[RECORDS SUPPLIED — start]

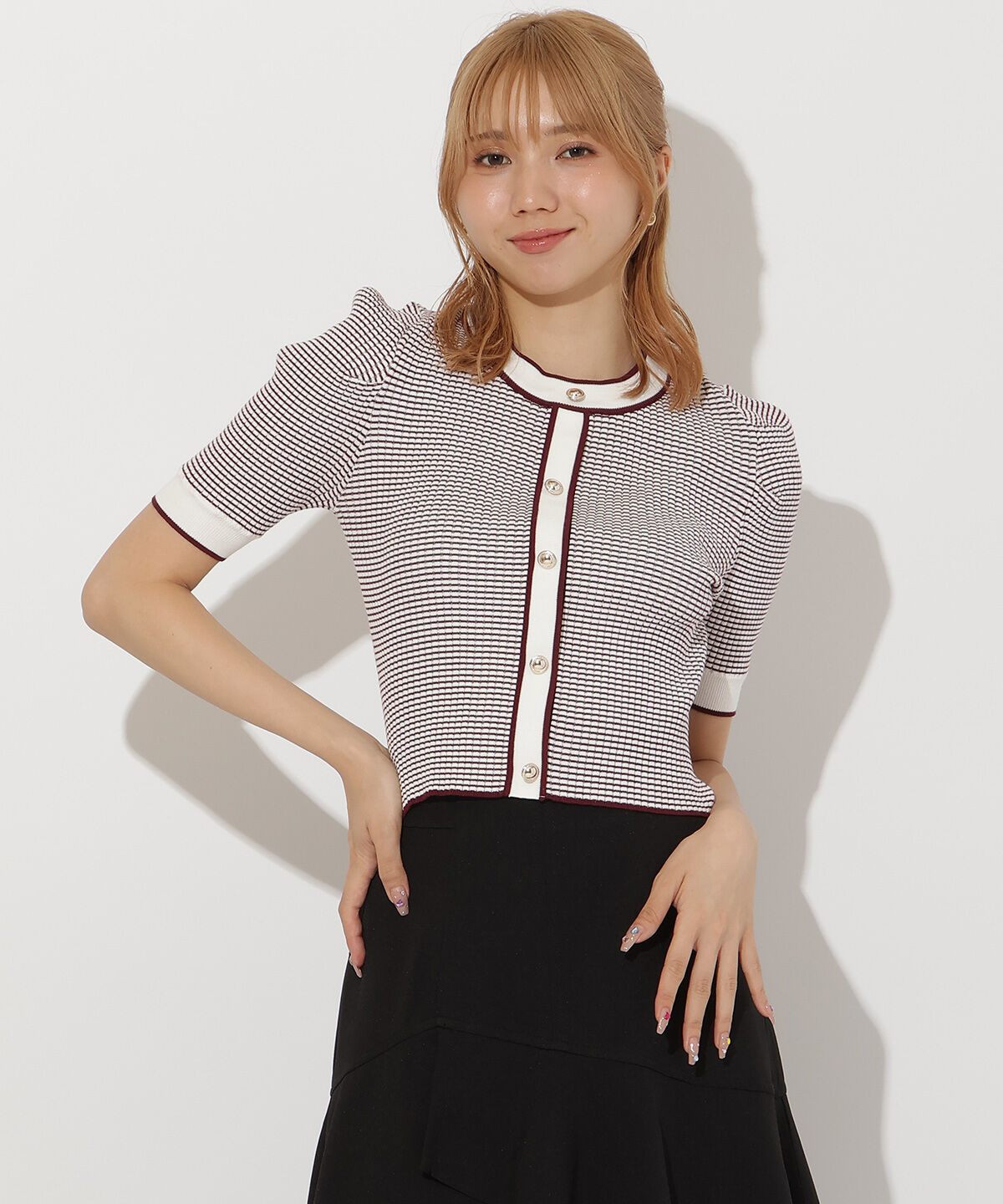 アンドクチュール「ボーダー配色5分袖プルオーバー」|ニット・セーター|ボルドー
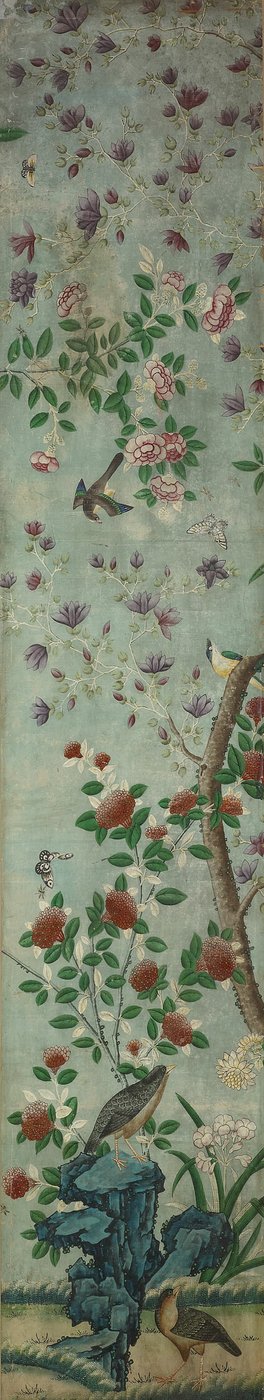 Väggpanel: Fåglar och blommor av Unknown artist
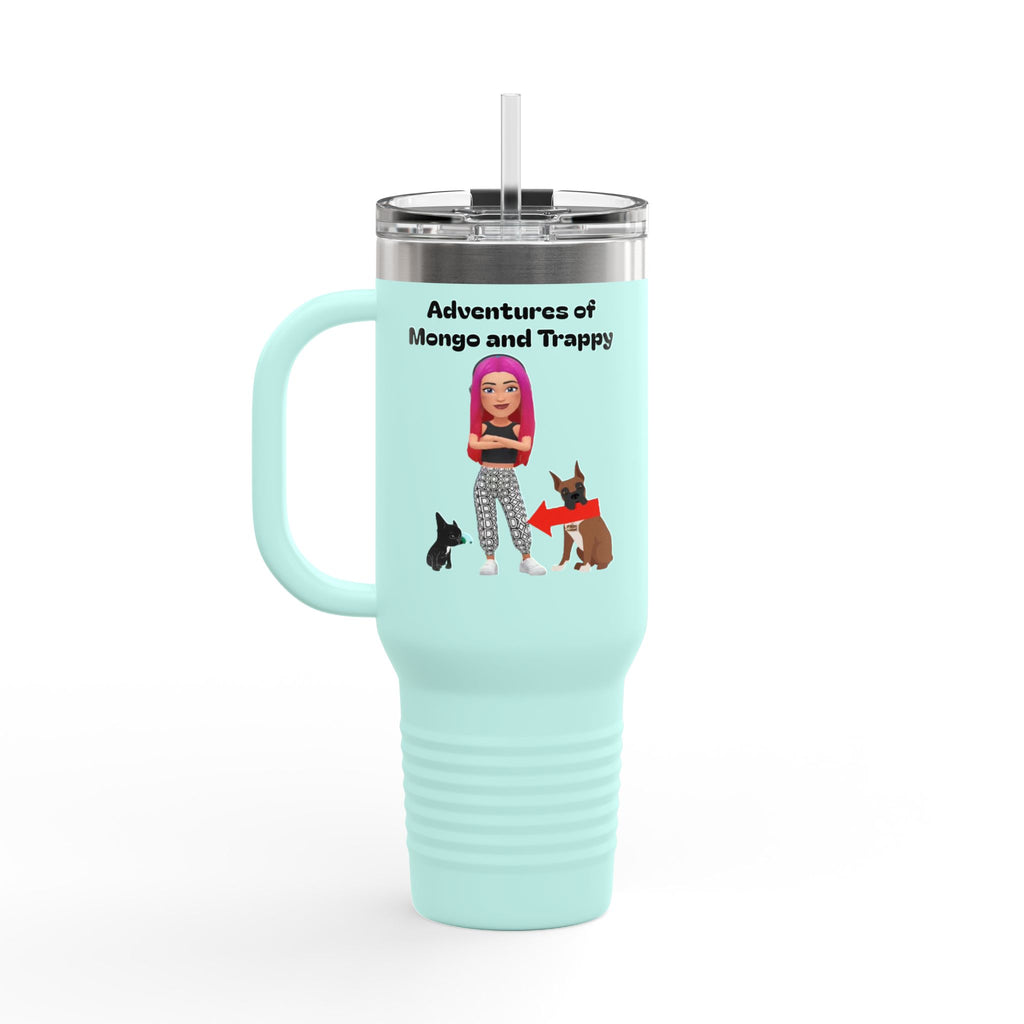 40oz Insulated Travel Mug — Adventures of Mongo and Trappy Personalized Pet & Owner Tumbler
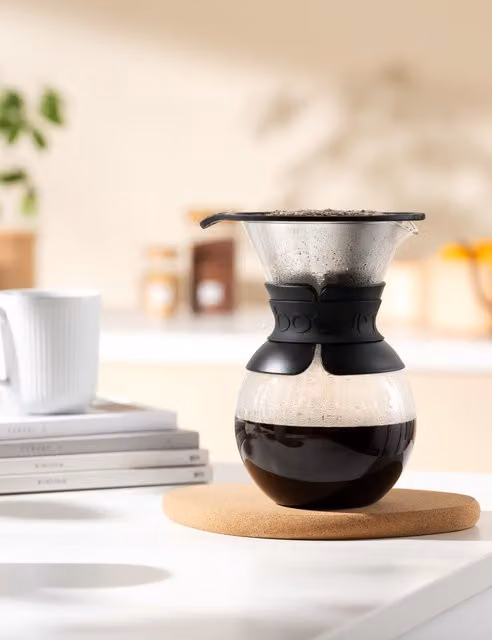 Bodum Pour Over Coffee Maker in Transparent Multicolour with Glass and Stainless Steel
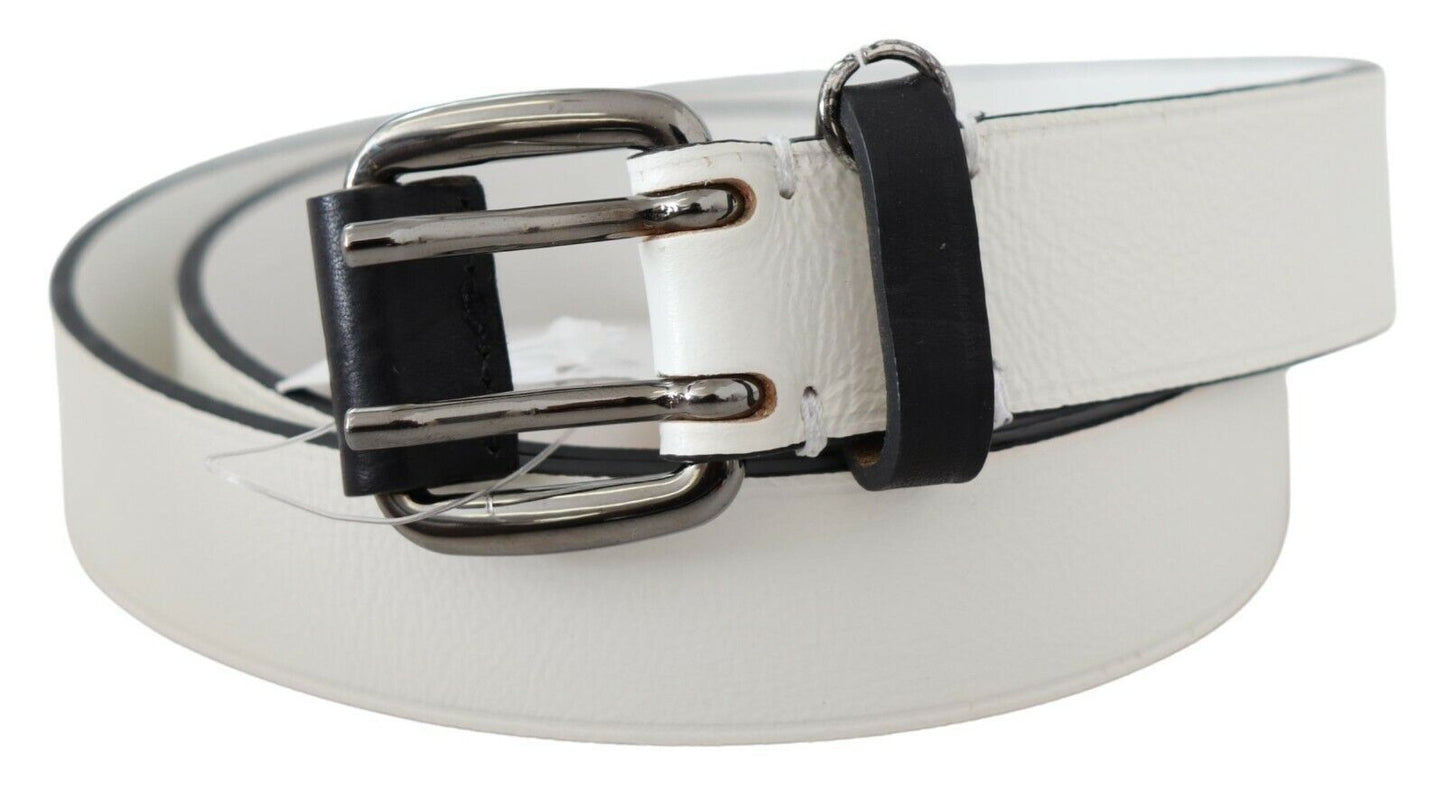 White Genuine Leather Silver Buckle Waist Belt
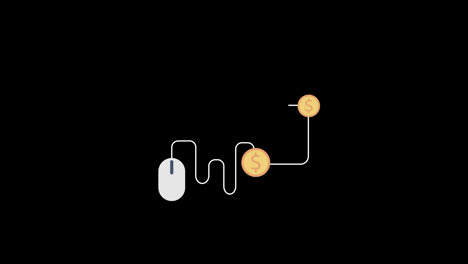 Pago-Por-Clic-Con-Mouse-Y-Moneda-Animación-Bucle-Gráficos-En-Movimiento-Video-Fondo-Transparente-Con-Canal-Alfa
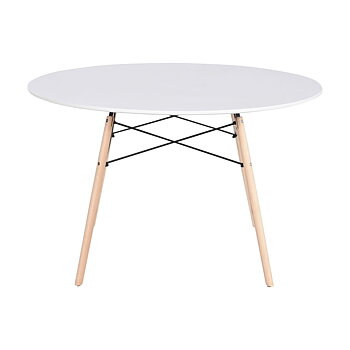 Matsalsbord Home ESPRIT Vit Svart Naturell Björk Trä MDF 120 x 120 x 74 cm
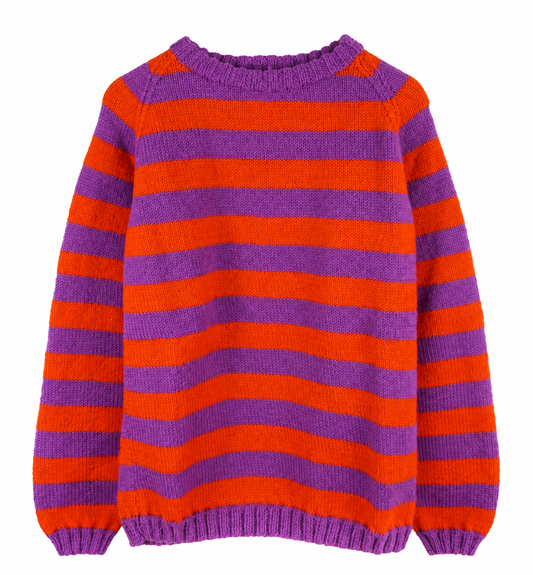 Orange and purple striped hand-knitted crewneck sweater with long sleeves and purple ribbed neckline, cuffs and hem.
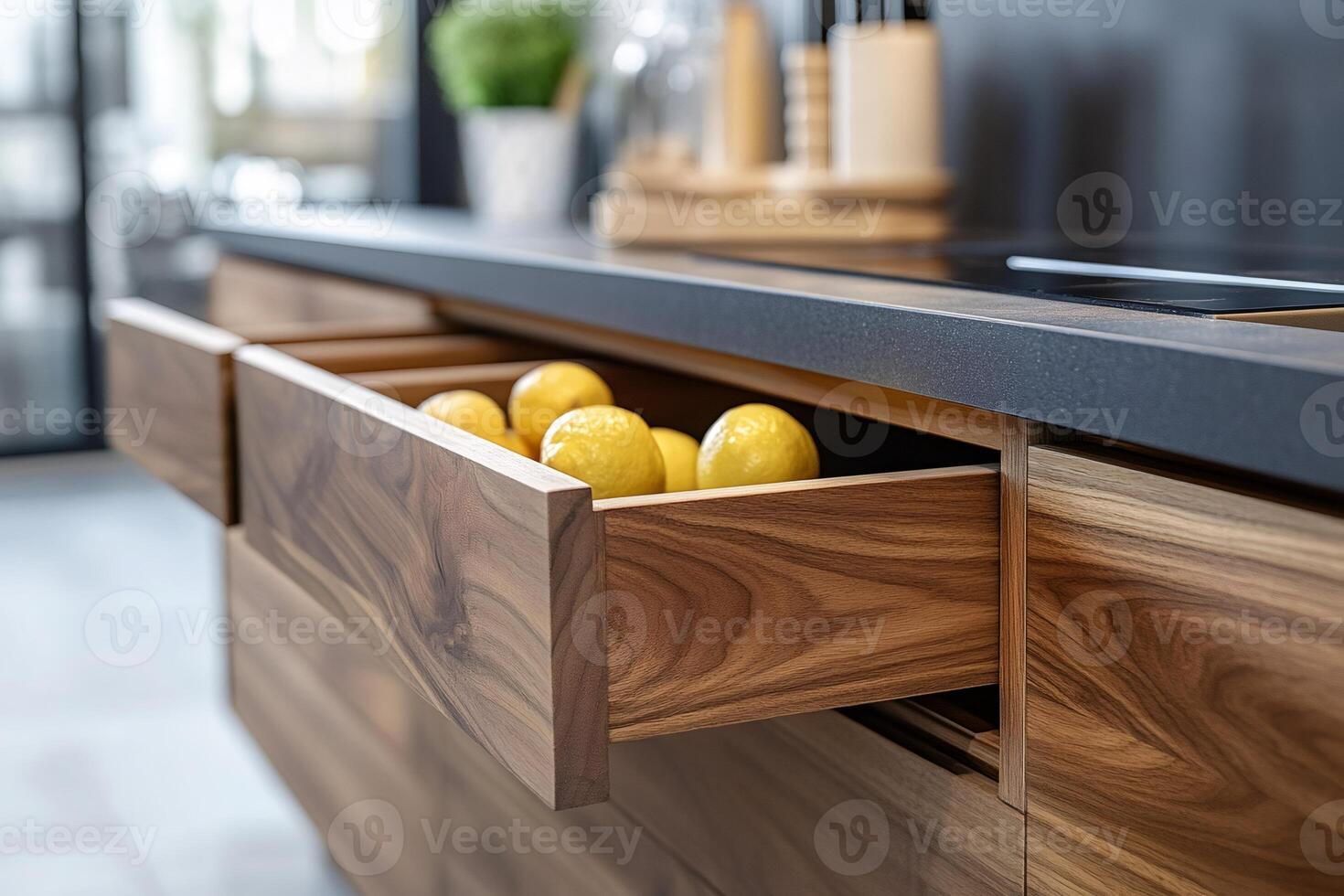 Modern kitchen drawer filled with fresh lemons photo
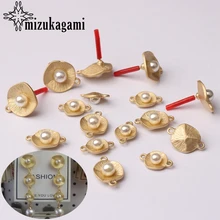 Золотой Металл имитация жемчуга лист лотоса круглое основание серьги разъем 15 мм 6 шт./лот для DIY Изготовление сережек ювелирные изделия аксессуары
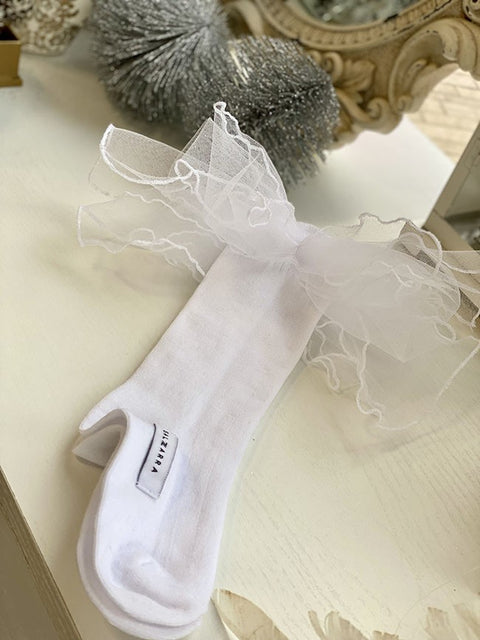 Tulle Kiss White Чорапи с пандели бели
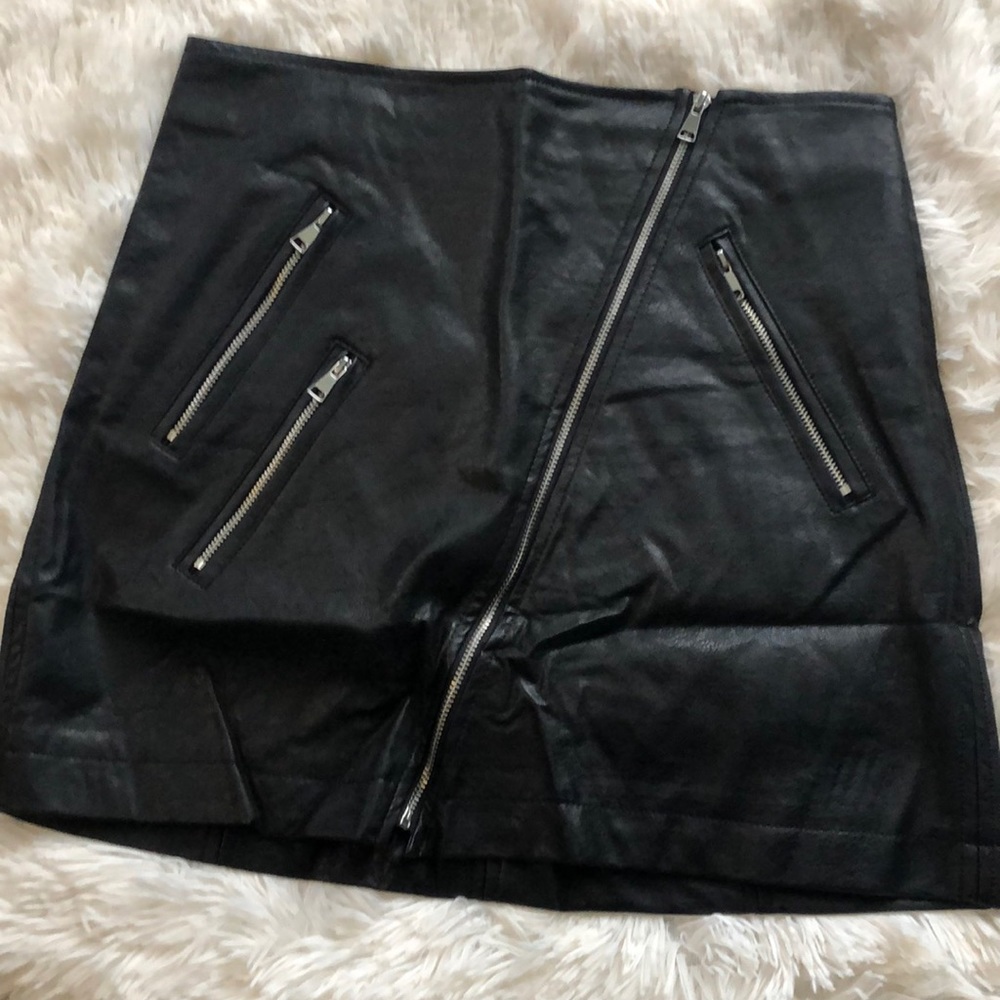 Love Tree Black Asymmetrical Faux Leather Skirt Small Medium Large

[RECORDS SUPPLIED — finish]

EXERCISE PROMPT -
Once the line containing "Tulle Kiss White Чорапи с пандели бели" is located, write out exactly that line and each one after it to the end of the records above, excluding pictures and nothing else.

RESULT -
 Tulle Kiss White Чорапи с пандели бели
 Love Tree Black Asymmetrical Faux Leather Skirt Small Medium Large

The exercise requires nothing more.